_EXERCISE AIM_
Of all the lines below, output only those starting at the one with "Peak Design Mobile" and ending at the one with "Canada Goose Huron Hoodie Large", both ends included, exactly as written.

_RECORDED DATA_

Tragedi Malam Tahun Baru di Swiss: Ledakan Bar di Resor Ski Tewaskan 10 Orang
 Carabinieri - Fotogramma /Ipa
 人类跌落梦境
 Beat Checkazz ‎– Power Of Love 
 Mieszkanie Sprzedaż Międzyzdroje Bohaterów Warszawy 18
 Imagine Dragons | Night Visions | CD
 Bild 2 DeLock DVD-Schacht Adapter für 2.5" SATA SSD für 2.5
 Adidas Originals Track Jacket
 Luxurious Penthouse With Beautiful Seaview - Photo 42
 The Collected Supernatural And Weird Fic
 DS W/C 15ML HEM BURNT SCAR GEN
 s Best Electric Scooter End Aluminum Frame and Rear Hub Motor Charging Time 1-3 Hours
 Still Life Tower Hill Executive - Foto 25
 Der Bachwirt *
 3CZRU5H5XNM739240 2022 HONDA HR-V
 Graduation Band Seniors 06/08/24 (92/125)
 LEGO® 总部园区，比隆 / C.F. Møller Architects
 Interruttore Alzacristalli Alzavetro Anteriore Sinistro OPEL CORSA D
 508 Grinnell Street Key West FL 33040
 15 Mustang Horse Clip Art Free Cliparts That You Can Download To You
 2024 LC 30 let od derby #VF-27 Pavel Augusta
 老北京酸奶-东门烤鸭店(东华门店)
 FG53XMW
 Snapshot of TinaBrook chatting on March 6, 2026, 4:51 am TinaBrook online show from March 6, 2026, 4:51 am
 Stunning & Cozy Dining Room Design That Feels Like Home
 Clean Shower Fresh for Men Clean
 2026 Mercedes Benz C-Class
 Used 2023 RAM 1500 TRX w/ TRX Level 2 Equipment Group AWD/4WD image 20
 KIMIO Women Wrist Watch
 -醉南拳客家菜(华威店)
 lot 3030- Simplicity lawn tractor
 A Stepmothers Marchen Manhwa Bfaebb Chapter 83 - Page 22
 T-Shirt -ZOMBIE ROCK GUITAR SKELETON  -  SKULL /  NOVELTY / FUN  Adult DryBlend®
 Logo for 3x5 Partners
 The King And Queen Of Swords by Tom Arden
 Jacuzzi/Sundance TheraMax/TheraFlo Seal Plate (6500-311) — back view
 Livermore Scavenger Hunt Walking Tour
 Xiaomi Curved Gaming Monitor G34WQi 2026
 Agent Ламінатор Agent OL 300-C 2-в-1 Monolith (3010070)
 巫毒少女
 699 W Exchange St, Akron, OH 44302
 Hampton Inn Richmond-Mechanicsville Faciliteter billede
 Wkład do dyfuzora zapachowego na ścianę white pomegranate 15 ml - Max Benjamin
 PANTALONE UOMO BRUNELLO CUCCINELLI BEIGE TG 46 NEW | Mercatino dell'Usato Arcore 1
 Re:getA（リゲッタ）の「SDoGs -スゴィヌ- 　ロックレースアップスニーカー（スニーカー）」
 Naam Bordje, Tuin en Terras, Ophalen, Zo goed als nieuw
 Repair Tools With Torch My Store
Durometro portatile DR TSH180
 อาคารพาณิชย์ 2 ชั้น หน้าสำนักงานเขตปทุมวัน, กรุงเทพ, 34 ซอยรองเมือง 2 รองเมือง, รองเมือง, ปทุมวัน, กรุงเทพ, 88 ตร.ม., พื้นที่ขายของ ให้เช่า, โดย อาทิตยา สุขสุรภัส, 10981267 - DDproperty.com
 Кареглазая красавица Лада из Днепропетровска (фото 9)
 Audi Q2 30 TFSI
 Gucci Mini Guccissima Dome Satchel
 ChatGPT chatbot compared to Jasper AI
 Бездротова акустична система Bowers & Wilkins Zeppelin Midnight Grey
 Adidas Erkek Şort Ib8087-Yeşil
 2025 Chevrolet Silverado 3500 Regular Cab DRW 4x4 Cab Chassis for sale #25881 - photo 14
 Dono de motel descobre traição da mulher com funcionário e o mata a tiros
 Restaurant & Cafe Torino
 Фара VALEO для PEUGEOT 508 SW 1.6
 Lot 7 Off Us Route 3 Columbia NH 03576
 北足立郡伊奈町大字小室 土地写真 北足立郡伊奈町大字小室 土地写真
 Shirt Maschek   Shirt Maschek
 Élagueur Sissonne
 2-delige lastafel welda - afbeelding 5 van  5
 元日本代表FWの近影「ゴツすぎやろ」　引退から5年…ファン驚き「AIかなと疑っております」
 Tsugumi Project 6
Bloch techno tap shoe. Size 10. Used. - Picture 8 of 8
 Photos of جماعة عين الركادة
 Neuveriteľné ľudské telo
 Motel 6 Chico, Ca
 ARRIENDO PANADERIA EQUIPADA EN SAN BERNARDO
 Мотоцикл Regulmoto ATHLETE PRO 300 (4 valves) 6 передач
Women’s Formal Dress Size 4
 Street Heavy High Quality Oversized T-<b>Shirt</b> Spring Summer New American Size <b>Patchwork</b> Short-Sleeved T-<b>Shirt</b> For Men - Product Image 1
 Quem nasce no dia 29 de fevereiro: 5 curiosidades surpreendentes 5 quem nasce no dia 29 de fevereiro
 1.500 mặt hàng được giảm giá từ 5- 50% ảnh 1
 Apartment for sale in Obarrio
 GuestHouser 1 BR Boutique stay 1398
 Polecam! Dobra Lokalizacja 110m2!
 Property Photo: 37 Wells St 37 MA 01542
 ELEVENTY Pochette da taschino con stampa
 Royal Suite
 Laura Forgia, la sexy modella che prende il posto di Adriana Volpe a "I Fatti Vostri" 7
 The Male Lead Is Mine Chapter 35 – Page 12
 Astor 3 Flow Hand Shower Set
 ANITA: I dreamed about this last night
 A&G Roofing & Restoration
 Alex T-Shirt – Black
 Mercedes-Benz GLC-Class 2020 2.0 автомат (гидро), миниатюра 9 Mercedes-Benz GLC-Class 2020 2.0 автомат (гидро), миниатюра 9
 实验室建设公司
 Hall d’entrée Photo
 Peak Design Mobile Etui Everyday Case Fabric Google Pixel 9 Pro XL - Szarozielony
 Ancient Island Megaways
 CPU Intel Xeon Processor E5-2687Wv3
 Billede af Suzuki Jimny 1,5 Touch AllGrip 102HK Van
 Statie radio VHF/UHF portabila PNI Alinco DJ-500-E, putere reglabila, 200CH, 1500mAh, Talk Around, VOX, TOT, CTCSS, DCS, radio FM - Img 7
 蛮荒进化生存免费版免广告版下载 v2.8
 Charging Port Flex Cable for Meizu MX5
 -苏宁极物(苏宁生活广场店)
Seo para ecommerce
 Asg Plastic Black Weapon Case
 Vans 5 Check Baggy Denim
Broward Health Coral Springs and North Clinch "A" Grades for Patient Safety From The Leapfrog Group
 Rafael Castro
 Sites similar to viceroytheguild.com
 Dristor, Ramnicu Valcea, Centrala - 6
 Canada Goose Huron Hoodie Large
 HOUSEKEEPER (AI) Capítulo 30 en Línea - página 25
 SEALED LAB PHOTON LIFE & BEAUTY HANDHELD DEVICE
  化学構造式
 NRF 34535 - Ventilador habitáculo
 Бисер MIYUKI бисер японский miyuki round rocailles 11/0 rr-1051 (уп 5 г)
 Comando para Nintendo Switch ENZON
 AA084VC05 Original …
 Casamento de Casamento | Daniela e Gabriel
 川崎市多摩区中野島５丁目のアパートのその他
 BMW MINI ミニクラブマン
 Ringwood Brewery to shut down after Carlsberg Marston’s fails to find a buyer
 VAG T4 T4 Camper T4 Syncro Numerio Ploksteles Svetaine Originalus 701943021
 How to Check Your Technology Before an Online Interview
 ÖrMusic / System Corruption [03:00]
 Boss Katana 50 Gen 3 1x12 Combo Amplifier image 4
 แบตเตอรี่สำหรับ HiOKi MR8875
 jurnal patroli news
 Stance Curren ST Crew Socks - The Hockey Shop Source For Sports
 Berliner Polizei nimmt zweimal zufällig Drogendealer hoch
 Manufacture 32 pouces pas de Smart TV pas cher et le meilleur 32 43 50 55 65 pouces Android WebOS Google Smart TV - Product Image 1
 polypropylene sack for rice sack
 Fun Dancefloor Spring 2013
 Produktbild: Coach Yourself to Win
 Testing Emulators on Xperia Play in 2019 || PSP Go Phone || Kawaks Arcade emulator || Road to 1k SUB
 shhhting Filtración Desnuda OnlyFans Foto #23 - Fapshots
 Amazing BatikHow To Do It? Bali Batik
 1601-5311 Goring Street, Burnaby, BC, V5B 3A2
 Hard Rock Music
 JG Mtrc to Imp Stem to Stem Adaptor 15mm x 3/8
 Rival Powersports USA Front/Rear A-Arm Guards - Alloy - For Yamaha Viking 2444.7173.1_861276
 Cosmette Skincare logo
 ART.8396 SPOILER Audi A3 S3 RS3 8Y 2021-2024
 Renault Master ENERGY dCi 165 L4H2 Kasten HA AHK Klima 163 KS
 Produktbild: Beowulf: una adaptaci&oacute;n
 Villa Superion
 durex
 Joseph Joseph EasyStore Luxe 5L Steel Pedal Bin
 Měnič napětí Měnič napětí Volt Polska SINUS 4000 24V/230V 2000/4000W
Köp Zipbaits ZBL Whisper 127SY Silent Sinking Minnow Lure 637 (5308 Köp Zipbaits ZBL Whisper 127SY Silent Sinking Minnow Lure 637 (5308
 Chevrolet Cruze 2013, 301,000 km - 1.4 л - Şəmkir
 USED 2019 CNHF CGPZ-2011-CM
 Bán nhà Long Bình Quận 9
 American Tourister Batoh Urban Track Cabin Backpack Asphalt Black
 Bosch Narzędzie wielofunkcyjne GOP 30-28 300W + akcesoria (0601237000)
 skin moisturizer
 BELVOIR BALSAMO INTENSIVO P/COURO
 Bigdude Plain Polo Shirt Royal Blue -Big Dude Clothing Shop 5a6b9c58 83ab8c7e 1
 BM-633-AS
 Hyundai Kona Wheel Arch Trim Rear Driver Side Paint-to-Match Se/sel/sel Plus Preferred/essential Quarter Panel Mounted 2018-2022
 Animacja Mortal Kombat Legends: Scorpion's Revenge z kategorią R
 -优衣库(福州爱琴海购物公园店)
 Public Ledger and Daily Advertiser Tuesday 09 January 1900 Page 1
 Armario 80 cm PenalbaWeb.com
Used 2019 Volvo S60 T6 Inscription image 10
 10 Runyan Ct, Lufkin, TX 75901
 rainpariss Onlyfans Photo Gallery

_THE COMPLETED TASK_
 Peak Design Mobile Etui Everyday Case Fabric Google Pixel 9 Pro XL - Szarozielony
 Ancient Island Megaways
 CPU Intel Xeon Processor E5-2687Wv3
 Billede af Suzuki Jimny 1,5 Touch AllGrip 102HK Van
 Statie radio VHF/UHF portabila PNI Alinco DJ-500-E, putere reglabila, 200CH, 1500mAh, Talk Around, VOX, TOT, CTCSS, DCS, radio FM - Img 7
 蛮荒进化生存免费版免广告版下载 v2.8
 Charging Port Flex Cable for Meizu MX5
 -苏宁极物(苏宁生活广场店)
Seo para ecommerce
 Asg Plastic Black Weapon Case
 Vans 5 Check Baggy Denim
Broward Health Coral Springs and North Clinch "A" Grades for Patient Safety From The Leapfrog Group
 Rafael Castro
 Sites similar to viceroytheguild.com
 Dristor, Ramnicu Valcea, Centrala - 6
 Canada Goose Huron Hoodie Large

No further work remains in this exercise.